Die zulässige Berufung ist unbegründet.

Da der Senat die Berufung einstimmig für unbegründet und eine mündliche Verhandlung, insbesondere im Hinblick darauf, dass die Beteiligten bereits ausführlich ihre Argumente vorgebracht haben, nicht für erforderlich hält, hat er nach deren Anhörung von der durch § 153 Abs. 4 SGG eröffneten Möglichkeit Gebrauch gemacht, durch Beschluss zu entscheiden.

Das Sozialgericht hat die Klage zu Recht abgewiesen. Der Bescheid vom 27. April 2011 in der Gestalt des Widerspruchsbescheides vom 31. August 2011 ist rechtmäßig. Der Kläger hat keinen Anspruch darauf, dass die Beklagte höhere Altersrente unter Bewertung der Zeit vom 1. April 1968 bis 30. September 1975 mit 6,9750 Entgeltpunkten gewährt.

Nach § 64 SGB VI ergibt sich der Monatsbetrag der Rente, wenn 1. die unter Berücksichtigung des Zugangsfaktors ermittelten persönlichen Entgeltpunkte, 2. der Rentenartfaktor und 3. der aktuelle Rentenwert mit ihrem Wert bei Rentenbeginn miteinander vervielfältigt werden. Die persönlichen Entgeltpunkte für die Ermittlung des Monatsbetrags der Rente ergeben sich, indem die Summe aller Entgeltpunkte für u. a. beitragsfreie Zeiten mit dem Zugangsfaktor vervielfältigt wird (§ 66 Abs. 1 Nr. 2 SGB VI).

Beitragsfreie Zeiten erhalten den Durchschnittswert an Entgeltpunkten, der sich aus der Gesamtleistung an Beiträgen im belegungsfähigen Zeitraum ergibt. Dabei erhalten sie den höheren Durchschnittswert aus der Grundbewertung aus allen Beiträgen oder der Vergleichsbewertung aus ausschließlich vollwertigen Beiträgen (§ 71 Abs. 1 SGB VI).

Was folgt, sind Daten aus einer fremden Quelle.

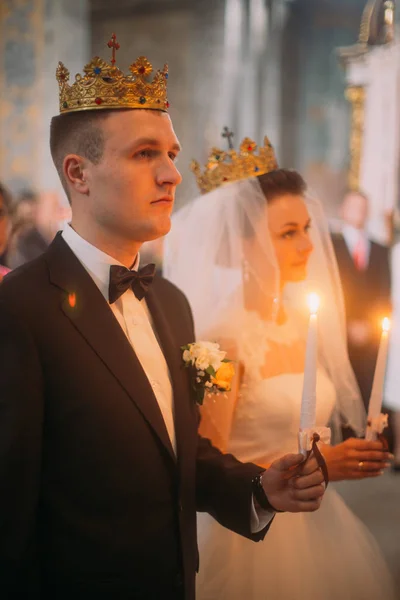 頭に金の冠と新婚夫婦は教会で結婚式中にキャンドルを保持しています。. — ストック写真
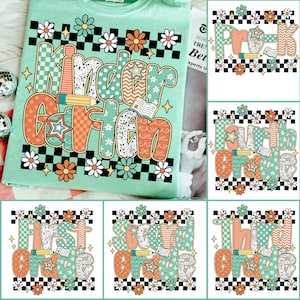 May include: A light green t-shirt with the word "Kindergarten" in a colorful, retro design. The design includes a pencil, open book, flowers, and a checkered pattern. Additional shirts display "Pre-K", "First Grade", "Second Grade", "Third Grade", and "Fourth Grade".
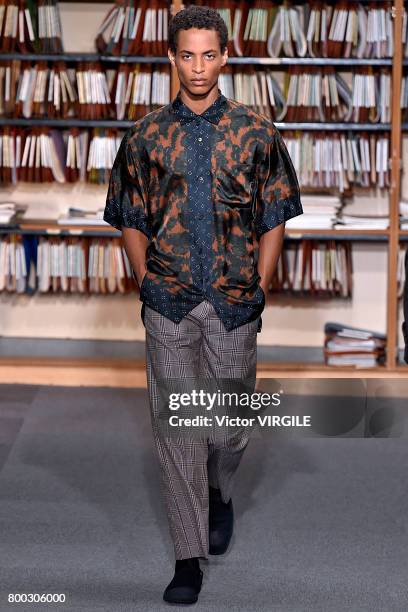 Model walks the runway during the Dries Van Noten Menswear Spring/Summer 2018 show as part of Paris Fashion Week on June 22, 2017 in Paris, France.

Die Zeiten der Fach- und Hochschulausbildung sind zwar, wie das Sozialgericht zutreffend unter Bezugnahme auf § 58 Abs. 1 Satz 1 Nr. 4 SGB VI ausgeführt hat, als Anrechnungszeiten beitragsfreie Zeiten, denn beitragsfreie Zeiten sind nach § 54 Abs. 4 SGB VI Kalendermonate, die mit Anrechnungszeiten, mit einer Zurechnungszeit oder mit Ersatzzeiten belegt sind, wenn für sie nicht auch Beiträge gezahlt worden sind. Allerdings bestimmt § 74 Sätze 3 und 4 erste Alternative SGB VI: Zeiten einer beruflichen Ausbildung, Fachschulausbildung oder der Teilnahme an einer berufsvorbereitenden Maßnahme werden insgesamt für höchstens drei Jahre bewertet, vorrangig die Zeiten der Fachschulausbildung und der Teilnahme an einer berufsvorbereitenden Bildungsmaßnahme. Zeiten einer Schul- oder Hochschulausbildung werden nicht bewertet.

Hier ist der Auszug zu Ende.